» INSTRUCTIONS FOR THE TASK:
Look through the records below and collect all lines that hold the string "Photos".

» Short text fragments from websites:
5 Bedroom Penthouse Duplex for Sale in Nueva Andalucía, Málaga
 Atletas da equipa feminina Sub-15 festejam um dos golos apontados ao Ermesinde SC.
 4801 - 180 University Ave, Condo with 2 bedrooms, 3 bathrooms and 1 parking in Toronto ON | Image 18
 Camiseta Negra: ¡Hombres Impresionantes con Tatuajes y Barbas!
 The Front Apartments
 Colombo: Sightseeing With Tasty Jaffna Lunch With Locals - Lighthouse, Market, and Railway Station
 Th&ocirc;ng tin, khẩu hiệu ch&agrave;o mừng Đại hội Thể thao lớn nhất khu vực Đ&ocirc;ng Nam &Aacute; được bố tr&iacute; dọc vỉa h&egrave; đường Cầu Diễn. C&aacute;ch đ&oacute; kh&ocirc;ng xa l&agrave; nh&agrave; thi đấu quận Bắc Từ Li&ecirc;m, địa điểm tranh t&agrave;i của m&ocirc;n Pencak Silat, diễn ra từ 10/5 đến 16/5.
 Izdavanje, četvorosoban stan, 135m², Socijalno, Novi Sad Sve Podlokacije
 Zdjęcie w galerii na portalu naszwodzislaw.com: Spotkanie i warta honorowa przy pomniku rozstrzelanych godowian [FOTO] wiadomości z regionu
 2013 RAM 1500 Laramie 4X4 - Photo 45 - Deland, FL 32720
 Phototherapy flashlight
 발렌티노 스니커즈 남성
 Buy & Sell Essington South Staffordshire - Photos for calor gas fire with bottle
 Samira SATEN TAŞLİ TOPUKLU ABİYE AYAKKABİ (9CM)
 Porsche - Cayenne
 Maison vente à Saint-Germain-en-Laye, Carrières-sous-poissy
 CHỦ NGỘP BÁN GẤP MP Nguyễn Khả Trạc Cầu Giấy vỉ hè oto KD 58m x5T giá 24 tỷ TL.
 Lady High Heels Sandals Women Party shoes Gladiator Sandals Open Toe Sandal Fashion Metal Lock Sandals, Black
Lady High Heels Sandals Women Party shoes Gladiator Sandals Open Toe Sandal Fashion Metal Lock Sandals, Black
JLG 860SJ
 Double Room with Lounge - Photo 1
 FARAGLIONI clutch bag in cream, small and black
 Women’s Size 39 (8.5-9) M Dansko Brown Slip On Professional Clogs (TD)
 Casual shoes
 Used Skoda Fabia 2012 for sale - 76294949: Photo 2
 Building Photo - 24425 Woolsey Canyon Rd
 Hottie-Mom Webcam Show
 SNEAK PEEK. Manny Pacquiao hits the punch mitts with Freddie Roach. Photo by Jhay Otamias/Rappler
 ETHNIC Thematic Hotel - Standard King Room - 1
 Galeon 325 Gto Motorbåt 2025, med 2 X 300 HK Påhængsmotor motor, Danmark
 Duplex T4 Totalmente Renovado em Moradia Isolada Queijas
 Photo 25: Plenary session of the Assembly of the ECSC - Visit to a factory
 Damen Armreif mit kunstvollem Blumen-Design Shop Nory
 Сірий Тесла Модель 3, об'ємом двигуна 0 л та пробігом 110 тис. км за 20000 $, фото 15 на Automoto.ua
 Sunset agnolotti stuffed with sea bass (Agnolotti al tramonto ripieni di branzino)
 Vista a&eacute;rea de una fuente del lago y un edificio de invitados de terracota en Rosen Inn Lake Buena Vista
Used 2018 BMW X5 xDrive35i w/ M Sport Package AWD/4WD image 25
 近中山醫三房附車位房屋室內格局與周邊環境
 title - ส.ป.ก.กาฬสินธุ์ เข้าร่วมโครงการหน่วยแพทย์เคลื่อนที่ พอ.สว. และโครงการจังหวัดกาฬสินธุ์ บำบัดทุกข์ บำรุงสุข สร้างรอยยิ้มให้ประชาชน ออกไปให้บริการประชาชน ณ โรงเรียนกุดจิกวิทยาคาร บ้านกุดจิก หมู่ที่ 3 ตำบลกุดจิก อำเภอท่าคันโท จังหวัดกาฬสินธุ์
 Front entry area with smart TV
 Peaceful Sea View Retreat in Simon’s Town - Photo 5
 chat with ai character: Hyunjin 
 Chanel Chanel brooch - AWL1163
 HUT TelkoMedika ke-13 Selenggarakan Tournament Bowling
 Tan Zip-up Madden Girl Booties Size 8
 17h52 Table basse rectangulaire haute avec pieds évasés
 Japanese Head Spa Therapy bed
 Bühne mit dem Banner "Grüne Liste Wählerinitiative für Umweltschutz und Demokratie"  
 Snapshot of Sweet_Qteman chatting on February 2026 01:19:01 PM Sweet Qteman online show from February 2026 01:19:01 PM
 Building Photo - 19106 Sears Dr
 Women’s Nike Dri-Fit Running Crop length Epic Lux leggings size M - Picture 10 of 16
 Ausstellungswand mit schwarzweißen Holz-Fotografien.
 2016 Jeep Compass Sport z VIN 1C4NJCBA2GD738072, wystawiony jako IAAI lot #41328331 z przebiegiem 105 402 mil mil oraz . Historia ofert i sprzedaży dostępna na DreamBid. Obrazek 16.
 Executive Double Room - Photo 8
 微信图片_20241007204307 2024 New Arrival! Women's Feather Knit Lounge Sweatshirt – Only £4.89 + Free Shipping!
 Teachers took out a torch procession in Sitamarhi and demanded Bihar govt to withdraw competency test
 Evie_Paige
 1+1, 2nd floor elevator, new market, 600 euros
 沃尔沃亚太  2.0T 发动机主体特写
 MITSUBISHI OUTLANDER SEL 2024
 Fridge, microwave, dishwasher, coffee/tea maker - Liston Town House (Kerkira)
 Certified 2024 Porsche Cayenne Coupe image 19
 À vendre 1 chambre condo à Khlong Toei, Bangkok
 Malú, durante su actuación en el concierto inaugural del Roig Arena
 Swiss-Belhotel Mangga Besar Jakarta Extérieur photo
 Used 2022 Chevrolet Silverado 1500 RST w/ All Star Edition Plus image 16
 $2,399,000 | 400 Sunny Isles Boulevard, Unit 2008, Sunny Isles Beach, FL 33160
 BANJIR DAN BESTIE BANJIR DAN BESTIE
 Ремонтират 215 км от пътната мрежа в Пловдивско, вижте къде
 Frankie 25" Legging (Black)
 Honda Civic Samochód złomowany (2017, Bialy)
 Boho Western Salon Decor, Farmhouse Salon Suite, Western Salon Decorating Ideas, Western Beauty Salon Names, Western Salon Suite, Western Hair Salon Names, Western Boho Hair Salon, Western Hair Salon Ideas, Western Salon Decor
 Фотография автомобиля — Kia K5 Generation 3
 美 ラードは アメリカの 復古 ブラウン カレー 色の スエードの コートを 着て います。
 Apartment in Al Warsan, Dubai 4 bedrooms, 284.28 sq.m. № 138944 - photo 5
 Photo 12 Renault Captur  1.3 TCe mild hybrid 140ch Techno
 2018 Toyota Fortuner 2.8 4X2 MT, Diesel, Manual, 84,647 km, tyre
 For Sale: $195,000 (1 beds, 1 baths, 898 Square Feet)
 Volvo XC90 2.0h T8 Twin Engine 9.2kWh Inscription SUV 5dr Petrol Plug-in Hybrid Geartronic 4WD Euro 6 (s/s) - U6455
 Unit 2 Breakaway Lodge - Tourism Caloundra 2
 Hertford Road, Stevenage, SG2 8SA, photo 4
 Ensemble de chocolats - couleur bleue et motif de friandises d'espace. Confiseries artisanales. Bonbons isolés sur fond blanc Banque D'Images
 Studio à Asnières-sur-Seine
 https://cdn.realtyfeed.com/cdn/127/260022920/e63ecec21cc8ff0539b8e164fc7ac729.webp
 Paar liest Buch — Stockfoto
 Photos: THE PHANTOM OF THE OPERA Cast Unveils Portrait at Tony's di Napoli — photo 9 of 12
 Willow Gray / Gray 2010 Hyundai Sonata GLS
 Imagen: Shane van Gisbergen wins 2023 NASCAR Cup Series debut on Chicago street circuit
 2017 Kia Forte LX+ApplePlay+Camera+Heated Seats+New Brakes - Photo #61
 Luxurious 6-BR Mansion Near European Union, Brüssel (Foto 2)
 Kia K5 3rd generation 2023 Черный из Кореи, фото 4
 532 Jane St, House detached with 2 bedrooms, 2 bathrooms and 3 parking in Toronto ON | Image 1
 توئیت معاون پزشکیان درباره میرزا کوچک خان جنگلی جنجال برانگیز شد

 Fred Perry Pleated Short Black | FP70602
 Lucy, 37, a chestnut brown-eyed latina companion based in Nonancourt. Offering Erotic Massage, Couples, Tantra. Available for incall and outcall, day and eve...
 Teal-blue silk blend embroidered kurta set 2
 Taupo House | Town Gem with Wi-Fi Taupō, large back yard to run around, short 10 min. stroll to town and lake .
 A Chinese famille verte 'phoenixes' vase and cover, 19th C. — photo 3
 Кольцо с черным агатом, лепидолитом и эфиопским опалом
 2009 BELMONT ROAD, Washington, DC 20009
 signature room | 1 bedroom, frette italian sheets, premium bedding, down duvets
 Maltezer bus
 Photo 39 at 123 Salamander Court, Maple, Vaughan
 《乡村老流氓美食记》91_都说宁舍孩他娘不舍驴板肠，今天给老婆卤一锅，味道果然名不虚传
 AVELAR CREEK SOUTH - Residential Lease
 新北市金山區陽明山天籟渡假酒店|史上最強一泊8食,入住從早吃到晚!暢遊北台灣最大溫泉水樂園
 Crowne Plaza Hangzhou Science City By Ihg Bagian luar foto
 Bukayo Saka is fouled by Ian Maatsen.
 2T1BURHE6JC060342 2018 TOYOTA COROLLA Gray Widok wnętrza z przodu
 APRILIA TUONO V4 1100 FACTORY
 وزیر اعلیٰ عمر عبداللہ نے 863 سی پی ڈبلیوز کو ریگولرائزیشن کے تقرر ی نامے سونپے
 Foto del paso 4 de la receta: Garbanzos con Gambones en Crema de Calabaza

» COMPLETED EXERCISE:
 Buy & Sell Essington South Staffordshire - Photos for calor gas fire with bottle
 Photos: THE PHANTOM OF THE OPERA Cast Unveils Portrait at Tony's di Napoli — photo 9 of 12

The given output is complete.